DECLARAÇÃO “SECRETA” DE BENS
A obrigatoriedade, imposta pela lei, dos titulares de cargos governamentais de declararem os seus bens, no Conselho Constitucional até 30 dias depois da sua tomada de posse, se afigura um avanço a assinalar, mas a lei devia permitir o acesso aos interessados da referida documentação.
Isto vem a propósito da vontade manifestada pelo actual chefe de Estado, Armando Emílio Guebuza, de que não iria divulgar os seus bens - entendemos divulgar publicamente, uma vez que também, a ele, se impõe que faça a declaração dos seus bens no Conselho Constitucional. Citado por um semanário local, Guebuza assegurou que ele e os membros do seu elenco iriam fazer apenas aquilo que a lei impõe – declarar os bens no Conselho Constitucional – e quanto a tornar público os seus bens (até como estímulo à transparência), isso não faria, porque não é obrigado.
Assim, fica o Conselho Constitucional como único e exclusivo guardião dos segredos e ao cidadão comum, muitas vezes a fonte de muitas denúncias cometidas pelos titulares dos órgãos públicos, se lhe reduz o papel fiscalizador.
Ao que tudo indica, Guebuza não vê, com bons olhos, essa parte fiscalizadora do cidadão comum, ao falar de “subjectivismo” e “anarquia” que pode levar a divulgação, publicamente, dos bens dos titulares dos cargos governamentais.
Reconhecemos ser inquietante, de facto, para quem for obrigado a declarar os bens, sobretudo quando se trata de gente que há 30 anos nem sequer tinha uma moradia pessoal e agora essas mesmas pessoas, por exemplo, são detentoras de um património invejável, incluindo acções em empresas públicas de gestão de abastecimento de água, quotas nas empresas de gestão de estradas, portos, linhas férreas, etc.
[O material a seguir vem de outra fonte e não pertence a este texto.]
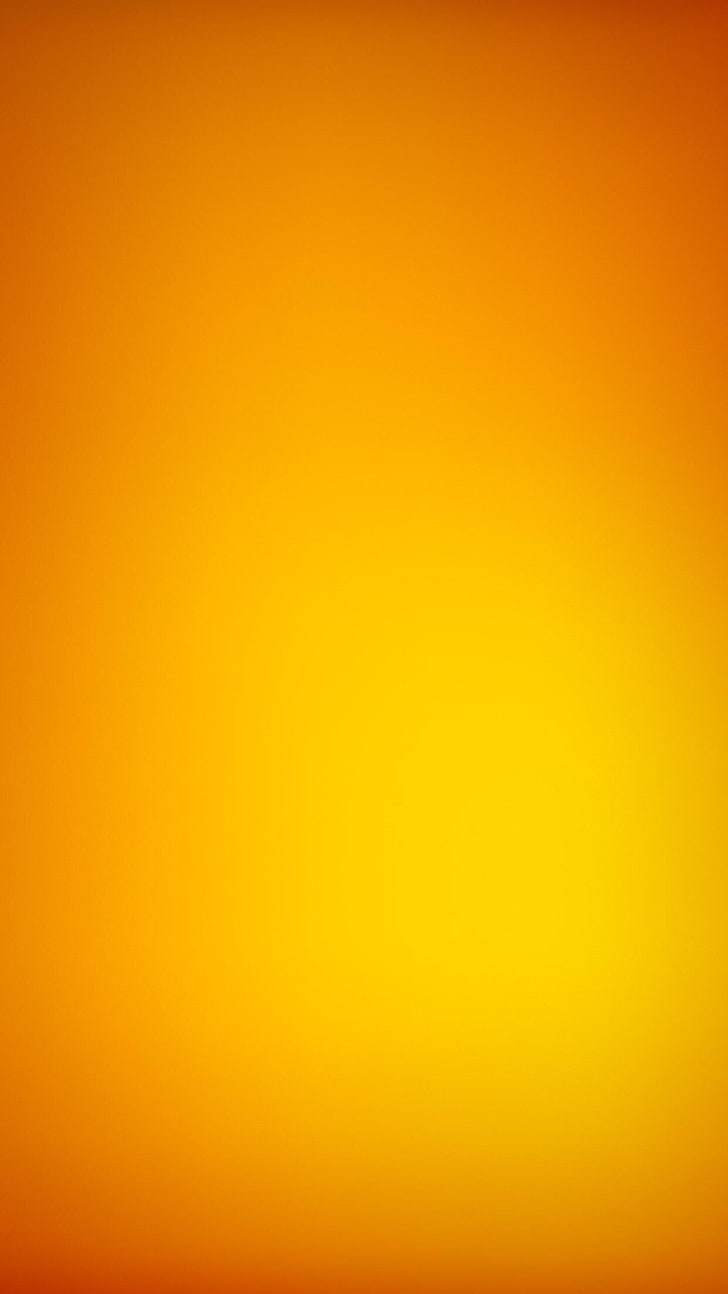 HD wallpaper: blurred, colorful, vertical, portrait display, orange color |  Wallpaper Flare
Guebuza já disse para não termos medo de “sermos ricos”. Não estamos a ver porque é que ele tem medo de dizer às pessoas qual é o real património seu, até porque já deu o primeiro passo, com a sua elucidativa explicação sobre o seu pontapé de saída na actividade empresarial, começando pela criação de patos.
Eventualmente, a curiosidade, aguçada, naturalmente, é até onde chegou com a criação de patos qual é o seu império. Por outro lado, ficando a declaração dos bens arquivada no Conselho Constitucional, reduz-se o número de “olheiros” apenas aos membros daquele órgão e não muito mais que isso. A comunicação social e outros interessados, à partida, estão vedados ao acesso dos referidos dados. Fica, assim limitado, o direito ao acesso à informação. Estaremos em face de segredo do Estado? Não. Apenas uma opção de um grupo político, obrigado pelo circunstancialismo político e pressionado pelas instituições financeiras internacionais - credoras do nosso país – a ter que aparentar transparência na gestão da coisa pública.
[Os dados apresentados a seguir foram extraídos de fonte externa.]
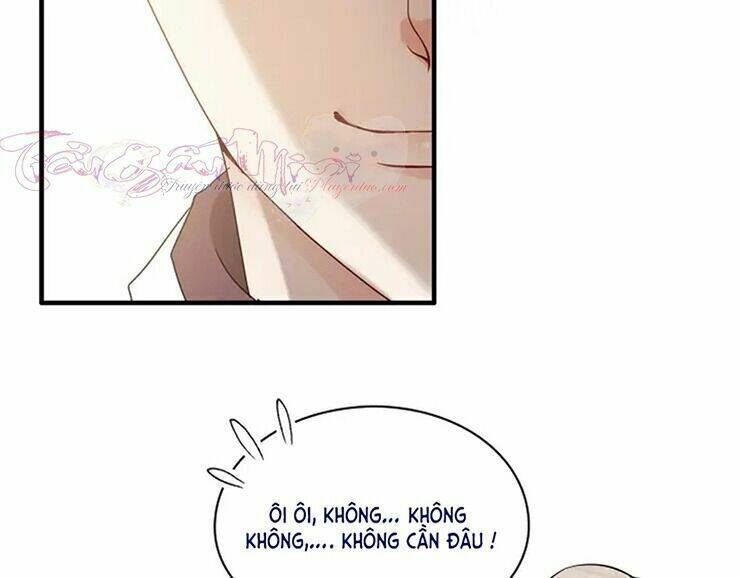 page_80.jpg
É que o problema do acesso pelos interessados à declaração dos bens depositada no Conselho Constitucional foi levantada na AR e a bancada maioritária, na última legislatura, decidiu pelo actual figurino da lei, que mantém tudo em segredo.
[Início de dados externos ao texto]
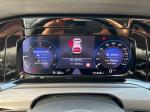 volkswagen-golf-2021-diesel-1968cc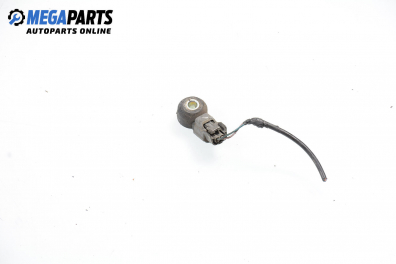 Детонационен датчик за Fiat Punto Hatchback II (09.1999 - 07.2012)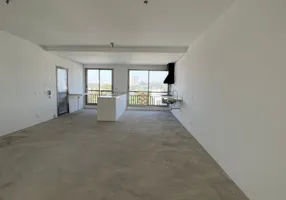 Foto 1 de Apartamento com 4 Quartos à venda, 233m² em Cidade Jardim, São Paulo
Para a nossa incipiente democracia e no estímulo à transparência, em que o chefe deve ser o exemplo, talvez a melhor opção fosse a permissão de acesso às declarações de bens depositadas no Conselho Constitucional.
Não conseguimos entender porque é que os titulares de cargos governamentais pretendem esconder o seu património a não ser que tenham amealhados esses bens por caminhos menos duvidosos.
Porque é que um proprietário de uma frota de transportes, como António Oliveira, pode pretender permanecer no anonimato. Os autocarros são dele, obteve-os com o seu trabalho e sacrifício.
A Opção actual do Guebas e seus correligionários, essa, sim é que abre caminho à “especulação”, “subjectivismo” e, eventualmente, à anarquia.